FRANCIS OF PAOLA (or Paula), ST, founder of the Minims, a religious order in the Catholic Church, was born of humble parentage at Paola in Calabria in 1416, or according to the Bollandists 1438. As a boy he entered a Franciscan friary, but left it and went to live as a hermit in a cave on the seashore near Paola. Soon disciples joined him, and with the bishop’s approval he built a church and monastery. At first they called themselves “Hermits of St Francis”; but the object they proposed to themselves was to go beyond even the strict Franciscans in fasts and bodily austerities of all kinds, in poverty and in humility; and therefore, as the Franciscans were the Minors (minores, less), the new order took the name of Minims (minimi, least). By 1474 a number of houses had been established in southern Italy and Sicily, and the order was recognized and approved by the pope. In 1482 Louis XI. of France, being on his deathbed and hearing the reports of the holiness of Francis, sent to ask him to come and attend him, and at the pope’s command he travelled to Paris. On this occasion Philip de Comines in his Memoirs says: “I never saw any man living so holily, nor out of whose mouth the Holy Ghost did more manifestly speak.” He remained with Louis till his death, and Louis’ successor, Charles VIII., held him in such high esteem that he kept him in Paris, and enabled him to found various houses of his order in France; in Spain and Germany, too, houses were founded during Francis’s lifetime. He never left France, and died in 1507 in the monastery of his order at Plessis-les-Tours.

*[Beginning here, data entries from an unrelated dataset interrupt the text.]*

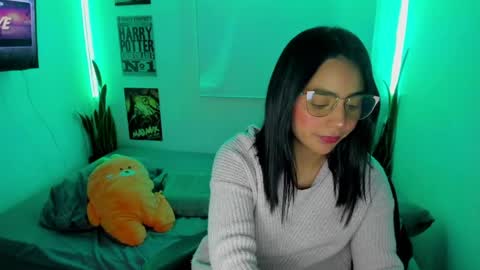 Snapshot of sweet_lina1 chatting on April 21, 12:34 am Lina online show from April 21, 12:34 am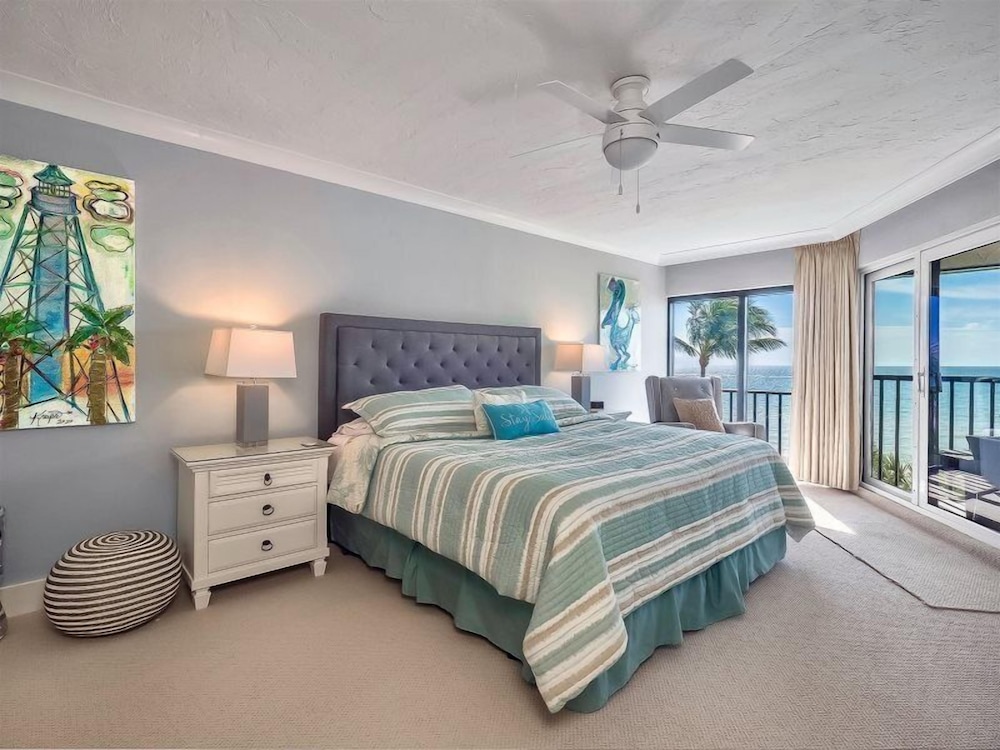Condo (Pointe Santo A46)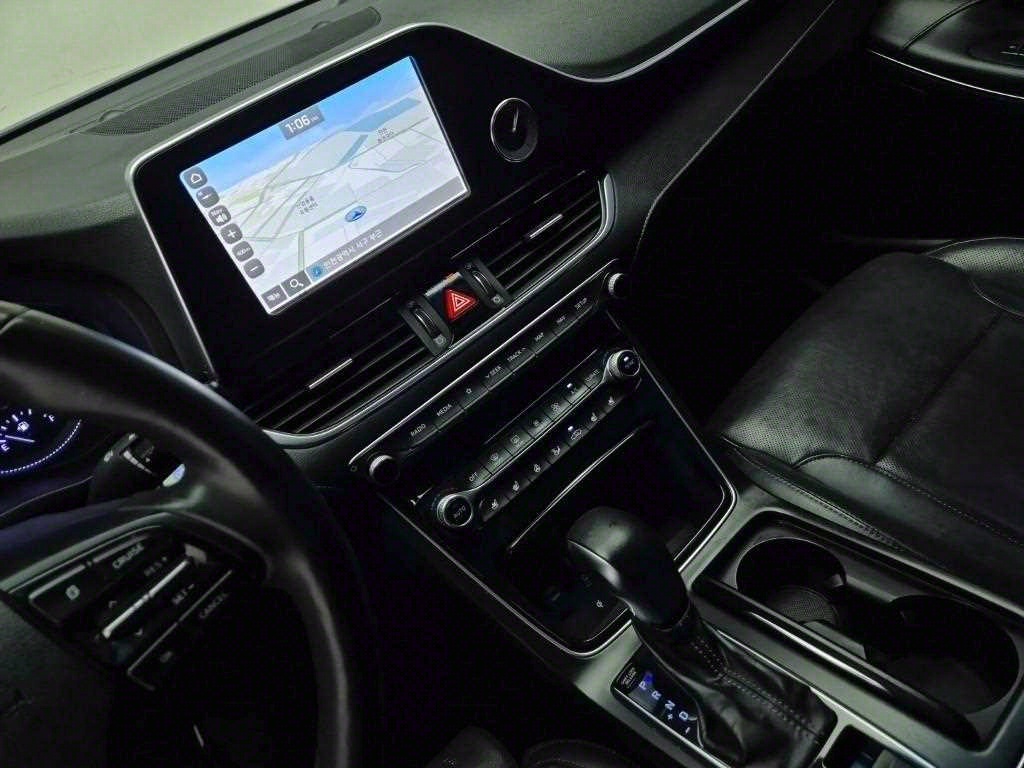 HYUNDAI Grandeur - Vista 10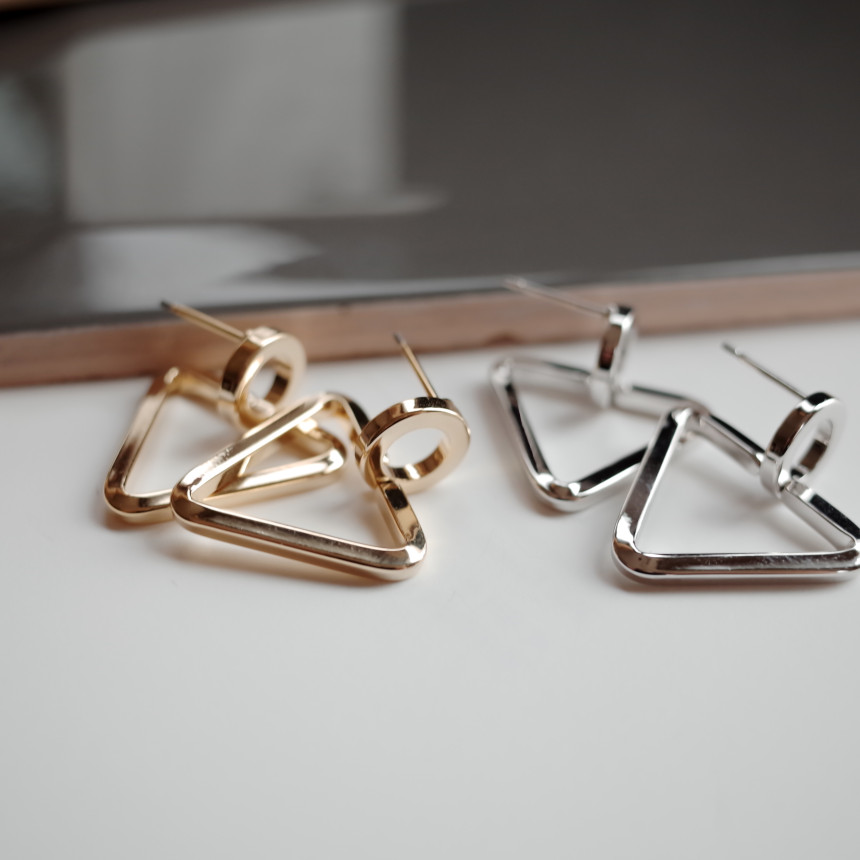 <b><p>triangle Metal ears Ri Bold Round Dbli post</p></b><b><p>三角形 メタルイヤリング ボールドた 丸い 倍増 ポスト モダンな ポイント アクセサリー</p></b><br /><br /><p align='center'>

The Rule was so strict that the popes long hesitated to confirm it in its entirety; not until 1506 was it finally sanctioned. The most special feature is an additional vow to keep a perpetual Lent of the strictest kind, not only flesh meat but fish and all animal products—eggs, milk, butter, cheese, dripping—being forbidden, so that the diet was confined to bread, vegetables, fruit and oil, and water was the only drink. Thus in matter of diet the Minims surpassed in austerity all orders in the West, and probably all permanently organized orders in the East. The strongly ascetical spirit of the Minims manifested itself in the title borne by the superiors of the houses—not abbot (father), or prior, or guardian, or minister, or rector, but corrector; and the general superior is the corrector general. Notwithstanding its extreme severity the order prospered. At the death of the founder it had five provinces—Italy, France, Tours, Germany, Spain. Later there were as many as 450 monasteries, and some missions in India. There never was a Minim house in England or Ireland. It ranks as one of the Mendicant orders. In 1909 there were some twenty monasteries, mostly in Sicily, but one in Rome (S. Andrea delle Fratte), and one in Naples, in Marseilles and in Cracow. There have been Minim nuns (only one convent has survived, till recently at Marseilles) and Minim Tertiaries, in imitation of the Franciscan Tertiaries. The habit of the Minims is black.

See Helyot, Hist. des ordres religieux (1714), vii. c. 56; Max Heimbucher, Orden und Kongregationen (1896), i. § 52; the article “Franz von Paula” in Wetzer und Welte, Kirchenlexicon (ed. 2), and in Herzog, Realencyklopädie (ed. 3); Catholic Dictionary, art. “Minims.” (E. C. B.)